Records from a data collection:
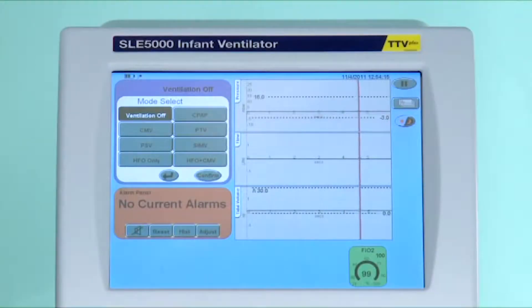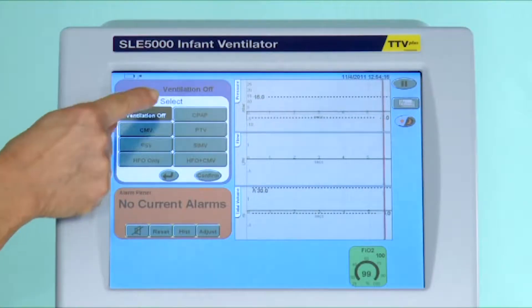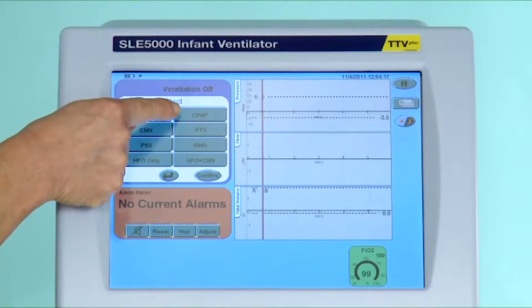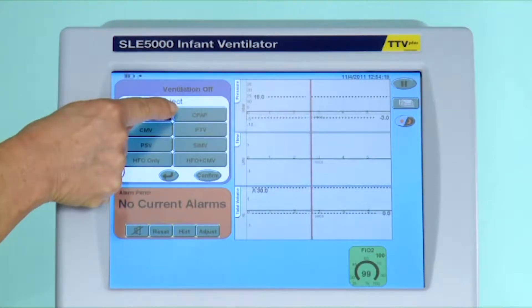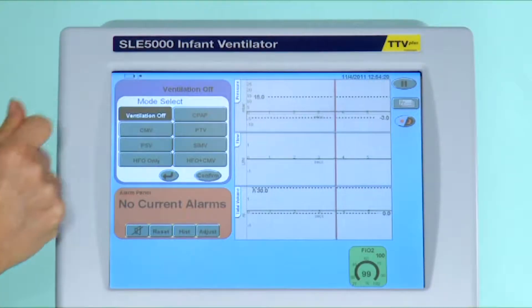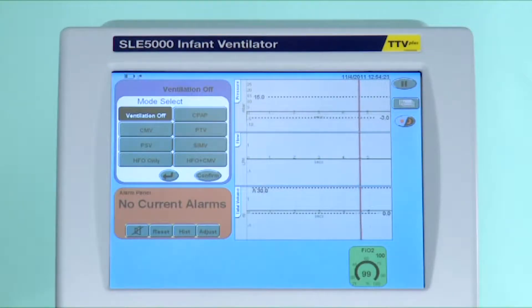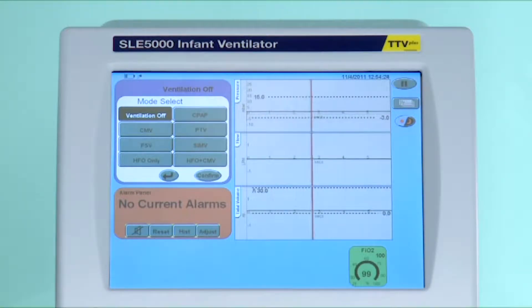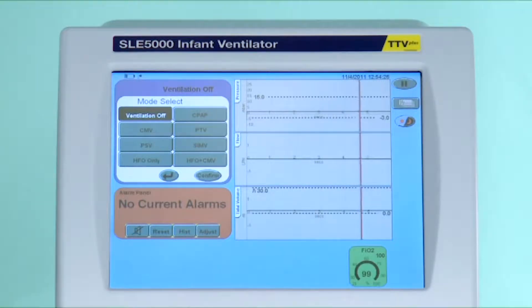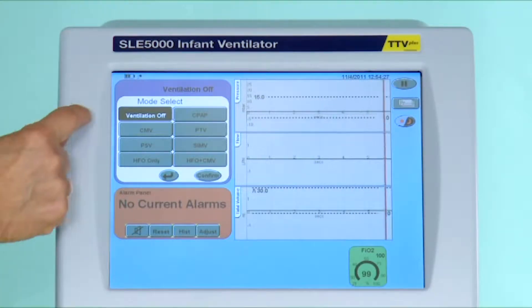The first real mode is continuous positive airway pressure, and this is done through nasal prongs. It is advisable to remove the flow sensor as you no longer have a closed circuit.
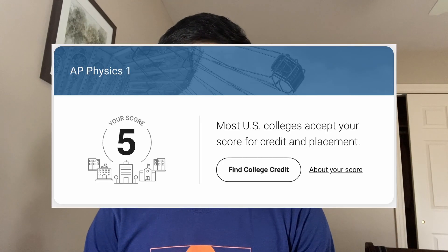Hi everyone. In this video I'll be discussing how I got a 5 in AP Physics 1 by self-study. I did not take this course in school — my school doesn't offer it — but this video is applicable to you whether or not you are self-studying or taking this class in school with classmates and a teacher. I'll start by going over what materials I use.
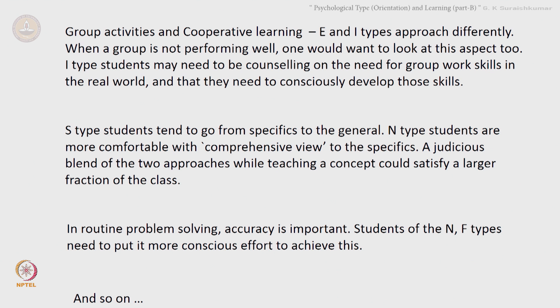That is what I meant. To briefly summarize Part B, we looked at psychological type or orientation. There were four different categories and therefore 2 to the power of 4 — 16 types. Knowing the psychological orientation would help us improve the learning of a large number of students simultaneously if you can devise such strategies. We also saw some specific instances of where it could come in handy in an engineering classroom. Let us take this further when we meet again next.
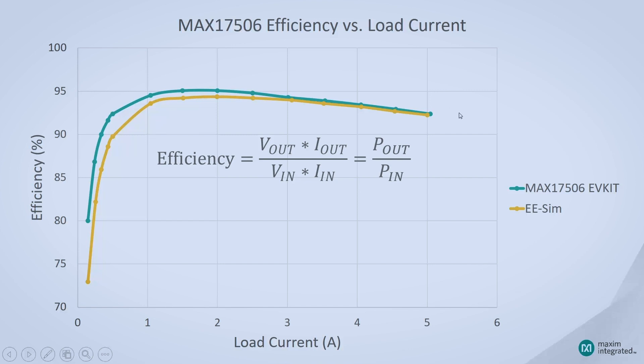I've also put the efficiency equation here for your reference. If you remember at the beginning of this video, I mentioned that your input current is a key parameter when you design your power supply. Now, what I mean by that is that your input source has to be able to supply whatever your input current is in order for your power supply to function properly.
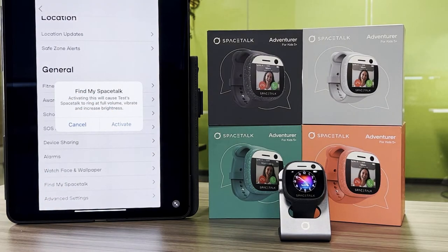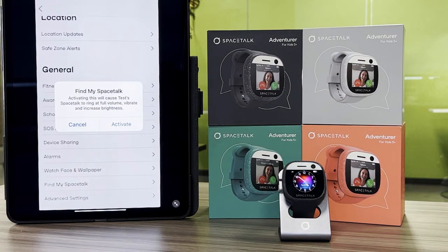Once you select Activate, this watch will enable with the alert and you'll notice as the alarm sounds, it will get louder and louder.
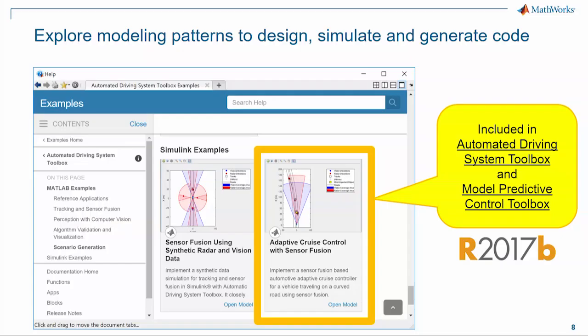If you want to take a closer look at these modeling patterns in this example, please download a trial version of the Automated Driving System Toolbox and the Model Predictive Control Toolbox. It starts shipping in 17b and in subsequent releases, and hopefully this is a good spot for you to get started with our tools. Thank you.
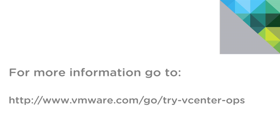For more information about vCenter Configuration Manager or the vCenter Operations Management Suite, please visit VMware.com. Thank you.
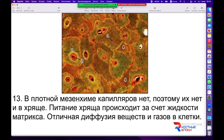В плотной мезенхиме нет капилляров, поэтому их нет и в хряще. Питание хряща происходит за счёт жидкости межклеточного вещества, которая передаёт жидкости, газы, низкомолекулярные соединения и обеспечивает полноценное существование хряща на протяжении всей его жизни.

### [WHAT NEEDS TO BE DONE]
Both ends included, copy word for word the lines from the top of the entries above through the line with "If you want". No pictures.

### [EXERCISE OUTPUT]
The first real mode is continuous positive airway pressure, and this is done through nasal prongs. It is advisable to remove the flow sensor as you no longer have a closed circuit.
Hi everyone. In this video I'll be discussing how I got a 5 in AP Physics 1 by self-study. I did not take this course in school — my school doesn't offer it — but this video is applicable to you whether or not you are self-studying or taking this class in school with classmates and a teacher. I'll start by going over what materials I use.
That is what I meant. To briefly summarize Part B, we looked at psychological type or orientation. There were four different categories and therefore 2 to the power of 4 — 16 types. Knowing the psychological orientation would help us improve the learning of a large number of students simultaneously if you can devise such strategies. We also saw some specific instances of where it could come in handy in an engineering classroom. Let us take this further when we meet again next.
I've also put the efficiency equation here for your reference. If you remember at the beginning of this video, I mentioned that your input current is a key parameter when you design your power supply. Now, what I mean by that is that your input source has to be able to supply whatever your input current is in order for your power supply to function properly.
Once you select Activate, this watch will enable with the alert and you'll notice as the alarm sounds, it will get louder and louder.
If you want to take a closer look at these modeling patterns in this example, please download a trial version of the Automated Driving System Toolbox and the Model Predictive Control Toolbox. It starts shipping in 17b and in subsequent releases, and hopefully this is a good spot for you to get started with our tools. Thank you.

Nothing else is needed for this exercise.